TRY IT. Every line of the listing should be retyped exactly, but none of the pictures should be.

SUPPLIED ENTRIES.
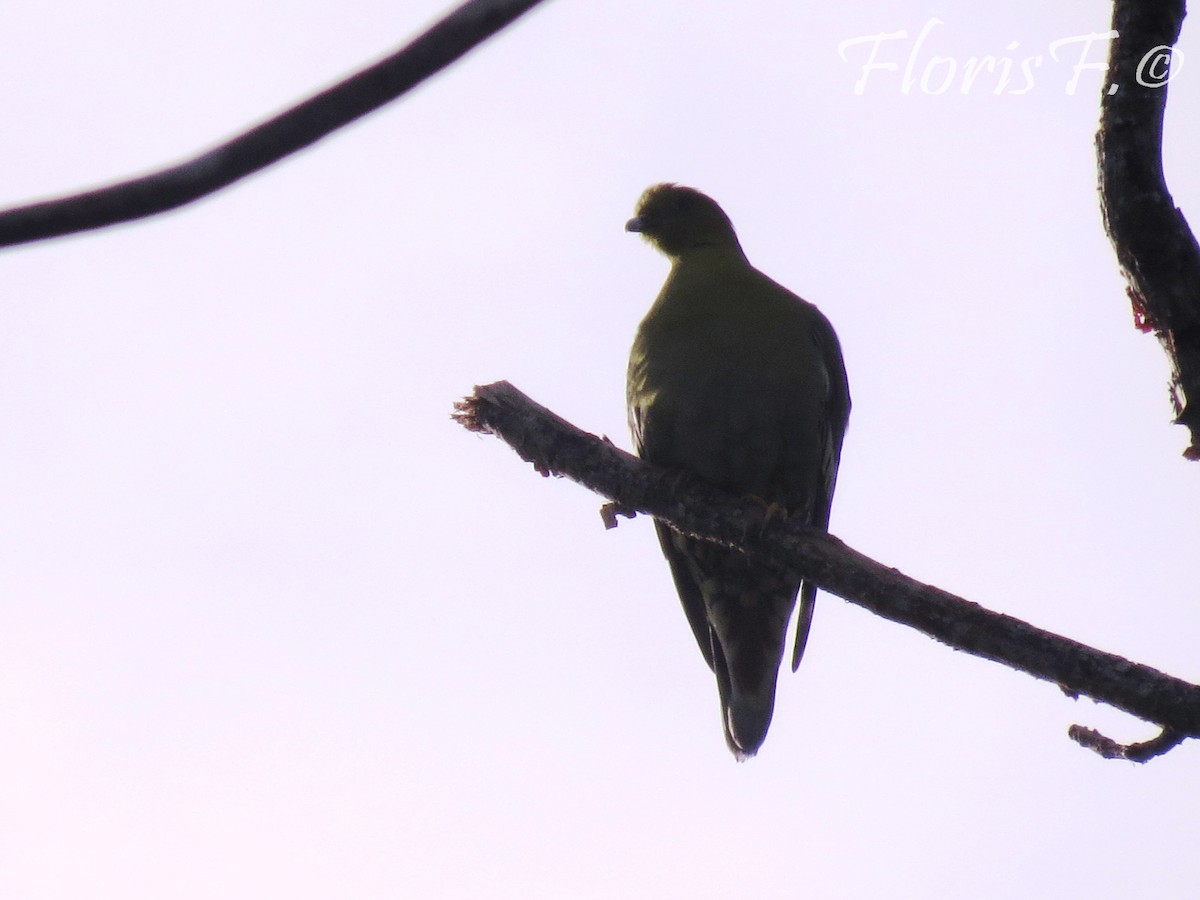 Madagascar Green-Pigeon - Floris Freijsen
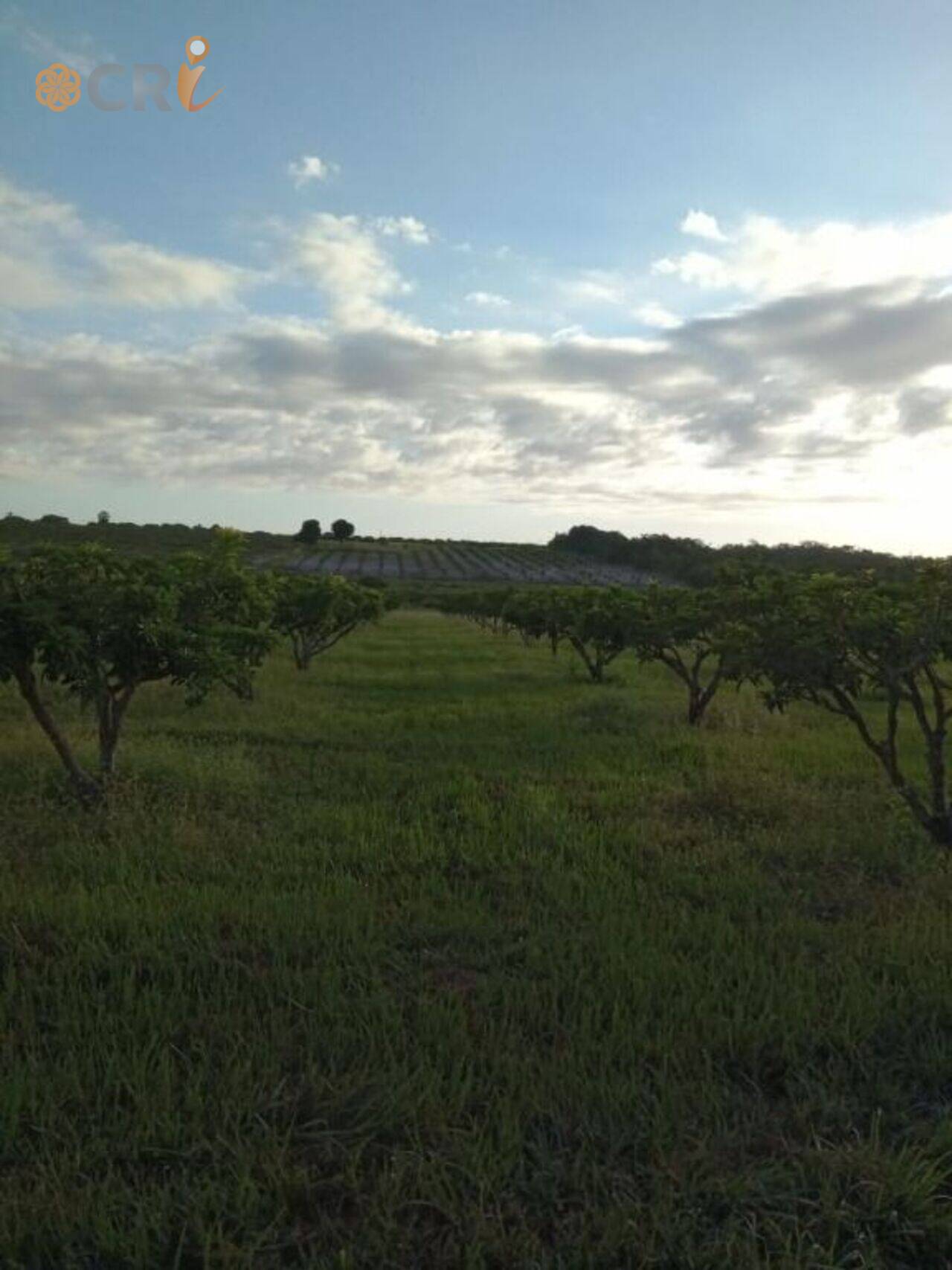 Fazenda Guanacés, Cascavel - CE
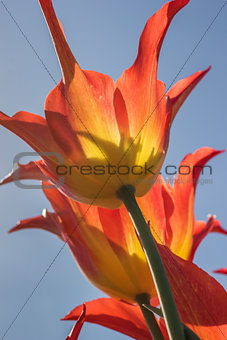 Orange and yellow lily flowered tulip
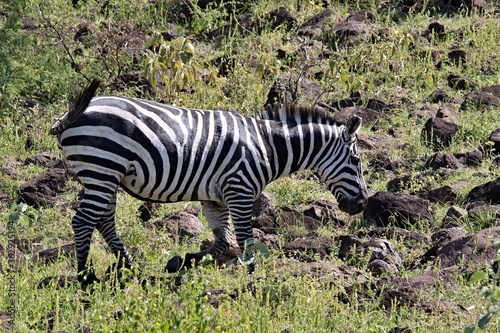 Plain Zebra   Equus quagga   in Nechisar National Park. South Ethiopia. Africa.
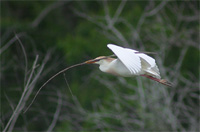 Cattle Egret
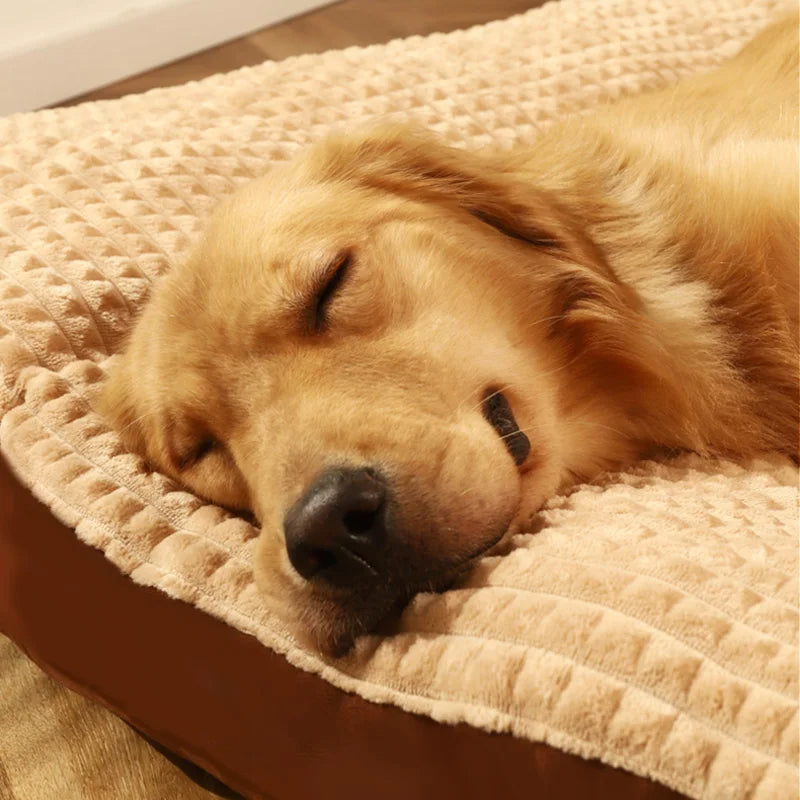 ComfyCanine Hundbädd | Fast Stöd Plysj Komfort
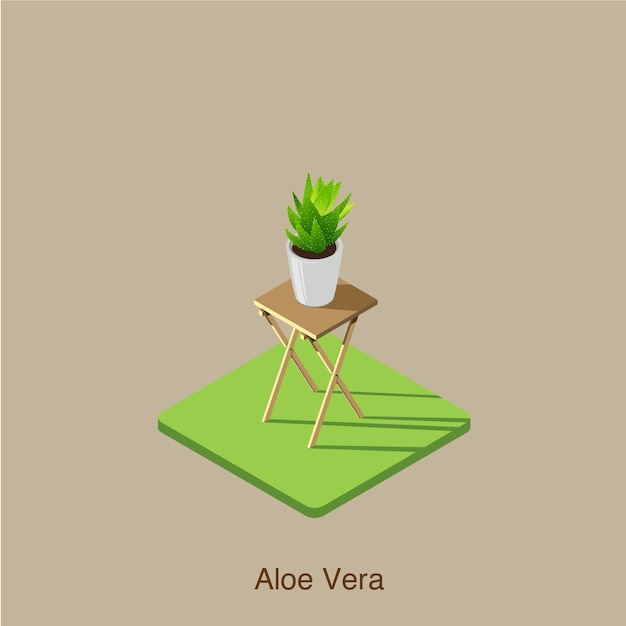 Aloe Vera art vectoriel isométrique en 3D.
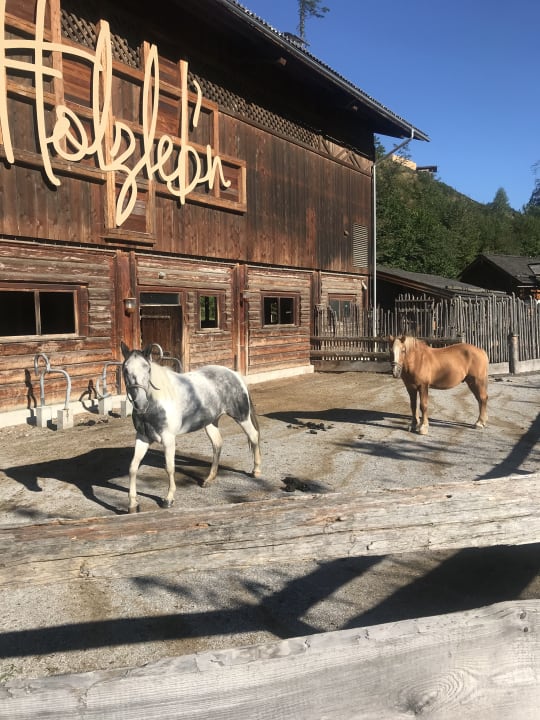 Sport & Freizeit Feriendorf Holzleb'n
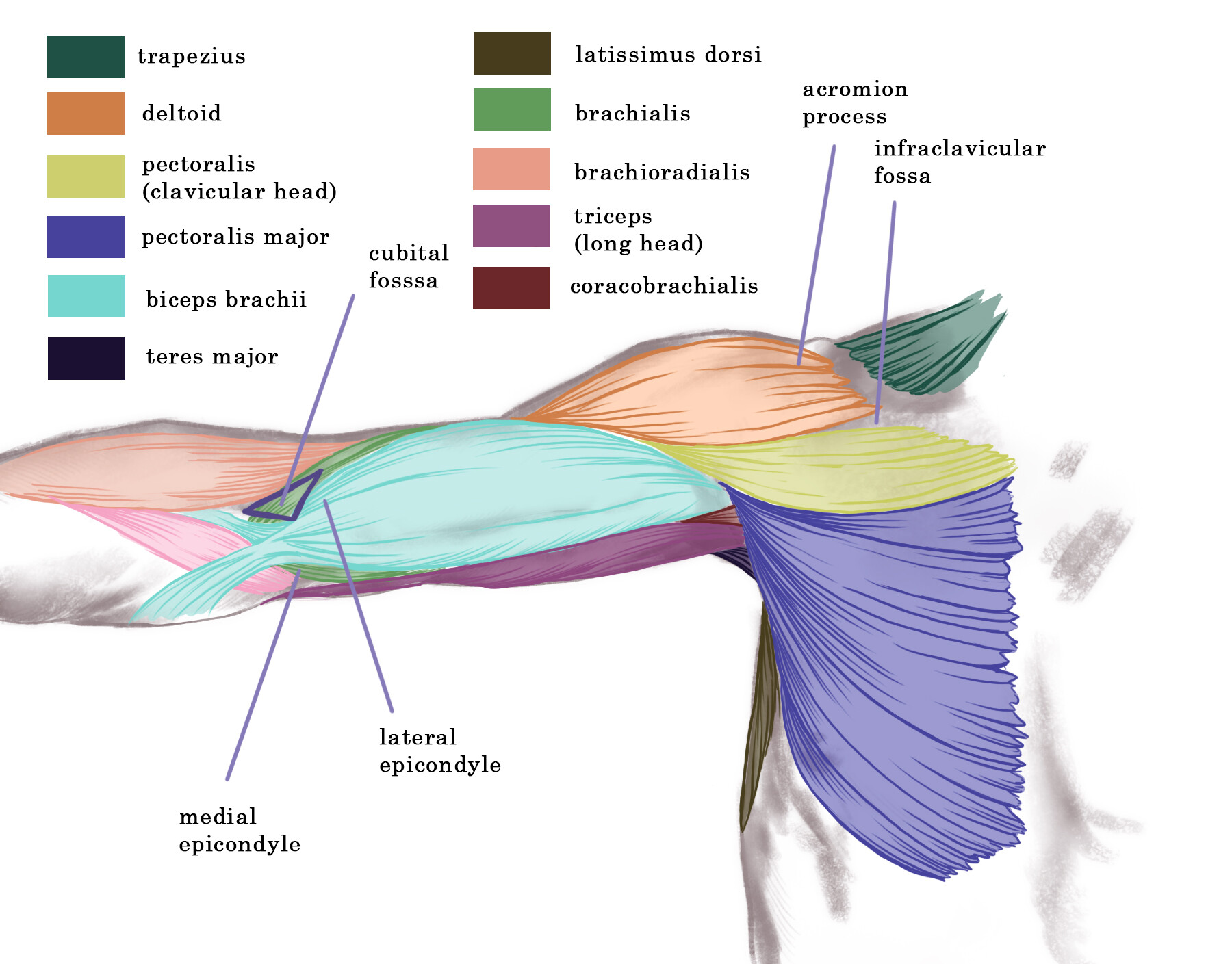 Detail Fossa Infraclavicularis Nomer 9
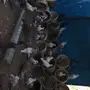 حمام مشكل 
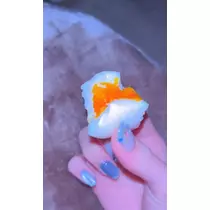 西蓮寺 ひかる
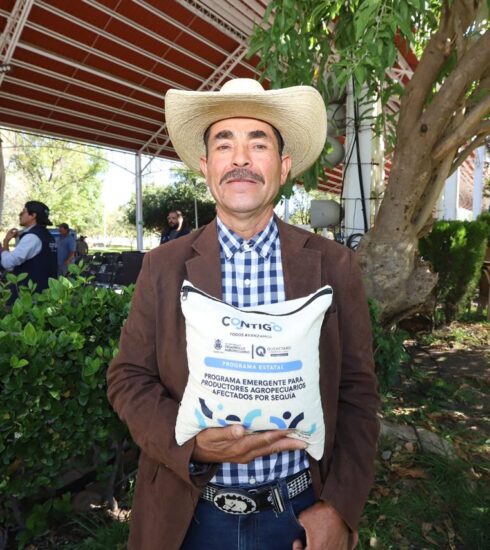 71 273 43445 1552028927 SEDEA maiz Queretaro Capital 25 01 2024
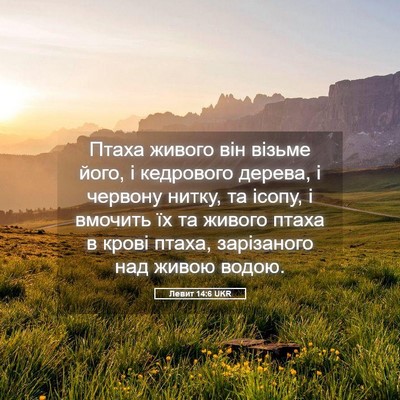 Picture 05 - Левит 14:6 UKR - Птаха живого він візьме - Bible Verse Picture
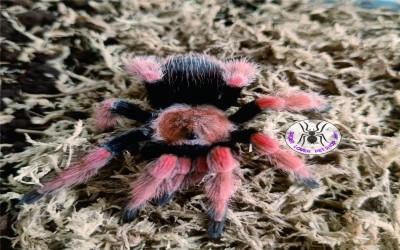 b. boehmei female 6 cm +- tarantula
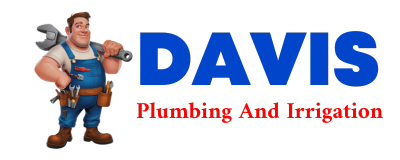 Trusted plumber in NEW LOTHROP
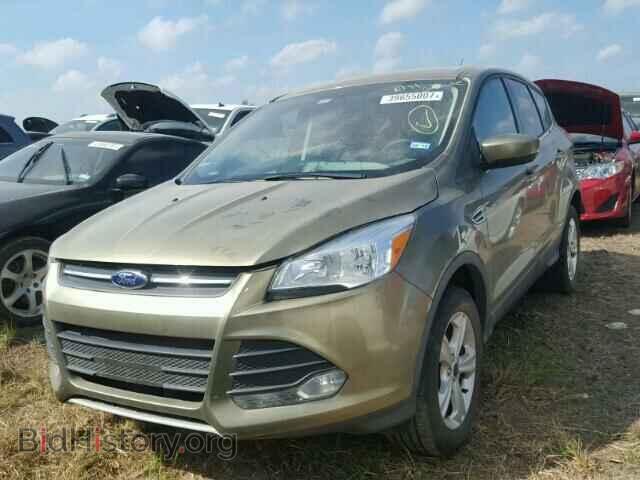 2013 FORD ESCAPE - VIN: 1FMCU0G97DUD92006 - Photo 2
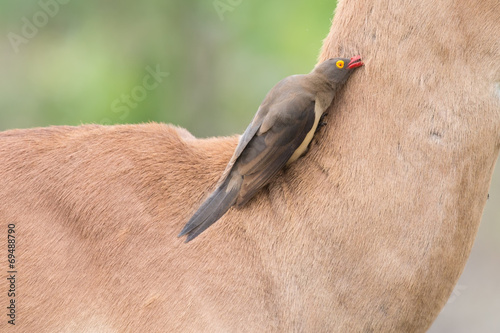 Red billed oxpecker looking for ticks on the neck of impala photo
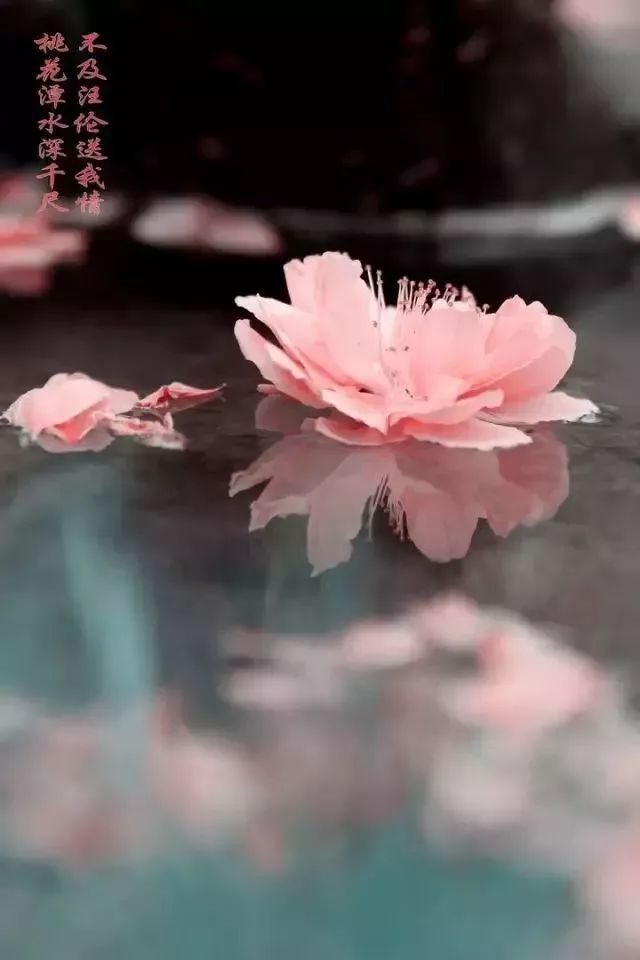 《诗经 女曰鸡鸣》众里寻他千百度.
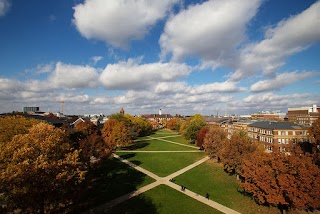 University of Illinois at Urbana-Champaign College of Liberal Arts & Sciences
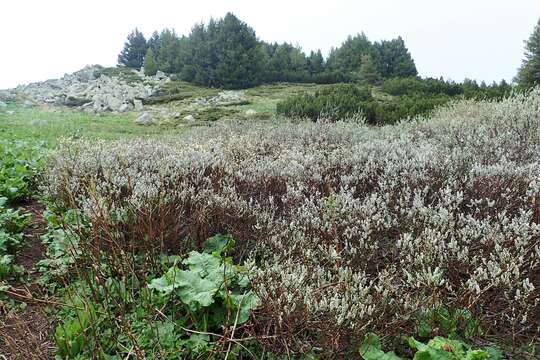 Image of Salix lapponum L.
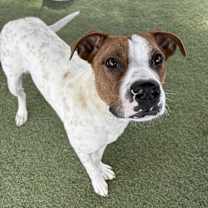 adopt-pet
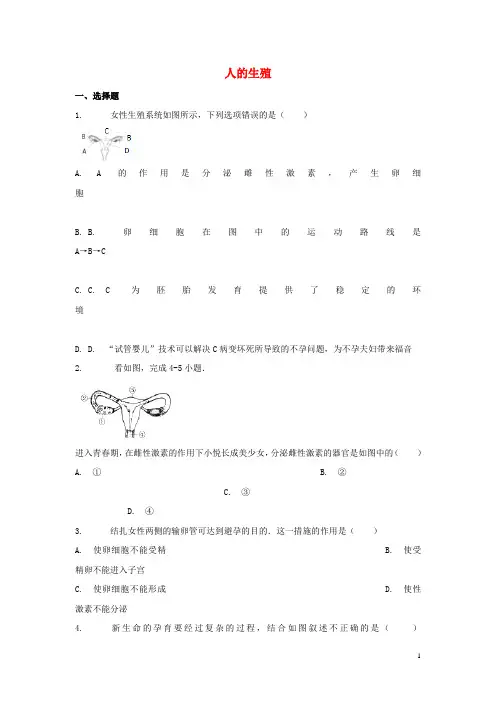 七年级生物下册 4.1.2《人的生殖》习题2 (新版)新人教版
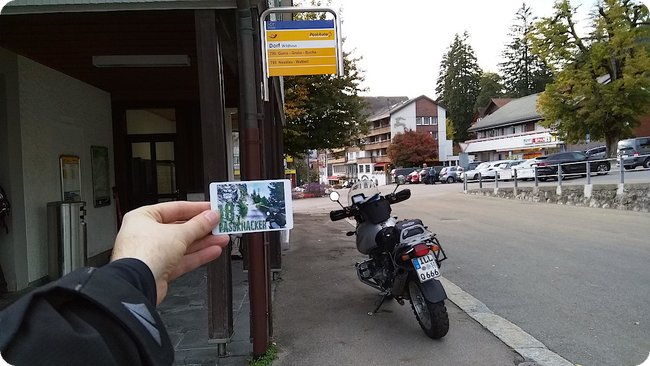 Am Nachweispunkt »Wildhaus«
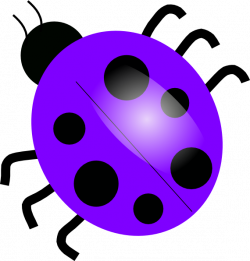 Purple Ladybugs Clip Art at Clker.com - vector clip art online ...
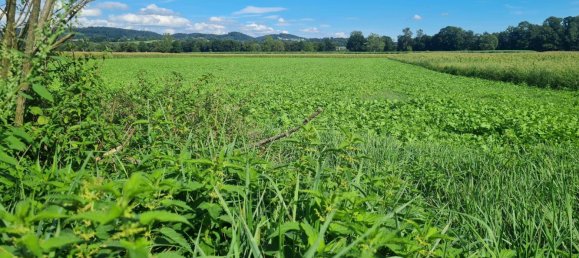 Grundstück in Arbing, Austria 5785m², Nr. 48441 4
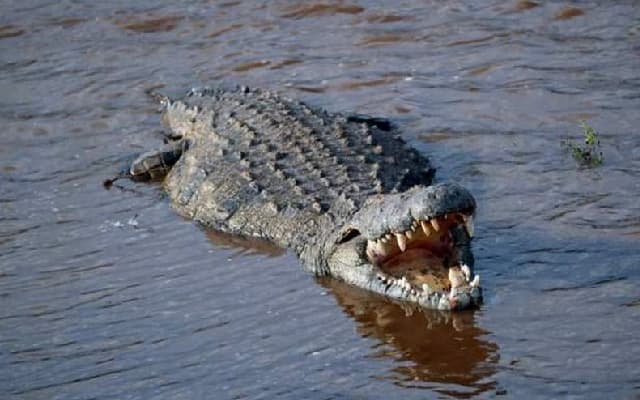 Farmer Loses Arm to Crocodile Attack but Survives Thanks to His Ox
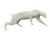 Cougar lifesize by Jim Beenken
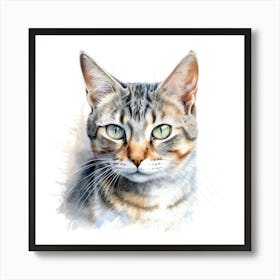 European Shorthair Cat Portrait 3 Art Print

TASK RESULT.
 Madagascar Green-Pigeon - Floris Freijsen
 Fazenda Guanacés, Cascavel - CE
 Orange and yellow lily flowered tulip
 Plain Zebra   Equus quagga   in Nechisar National Park. South Ethiopia. Africa.
 Cattle Egret
 ComfyCanine Hundbädd | Fast Stöd Plysj Komfort
 Aloe Vera art vectoriel isométrique en 3D.
 Sport & Freizeit Feriendorf Holzleb'n
 Detail Fossa Infraclavicularis Nomer 9
 حمام مشكل 
 西蓮寺 ひかる
 71 273 43445 1552028927 SEDEA maiz Queretaro Capital 25 01 2024
 Picture 05 - Левит 14:6 UKR - Птаха живого він візьме - Bible Verse Picture
 b. boehmei female 6 cm +- tarantula
 Trusted plumber in NEW LOTHROP
 2013 FORD ESCAPE - VIN: 1FMCU0G97DUD92006 - Photo 2
 Red billed oxpecker looking for ticks on the neck of impala photo
 《诗经 女曰鸡鸣》众里寻他千百度.
 University of Illinois at Urbana-Champaign College of Liberal Arts & Sciences
 Image of Salix lapponum L.
 adopt-pet
 七年级生物下册 4.1.2《人的生殖》习题2 (新版)新人教版
 Am Nachweispunkt »Wildhaus«
 Purple Ladybugs Clip Art at Clker.com - vector clip art online ...
 Grundstück in Arbing, Austria 5785m², Nr. 48441 4
 Farmer Loses Arm to Crocodile Attack but Survives Thanks to His Ox
 Cougar lifesize by Jim Beenken
 European Shorthair Cat Portrait 3 Art Print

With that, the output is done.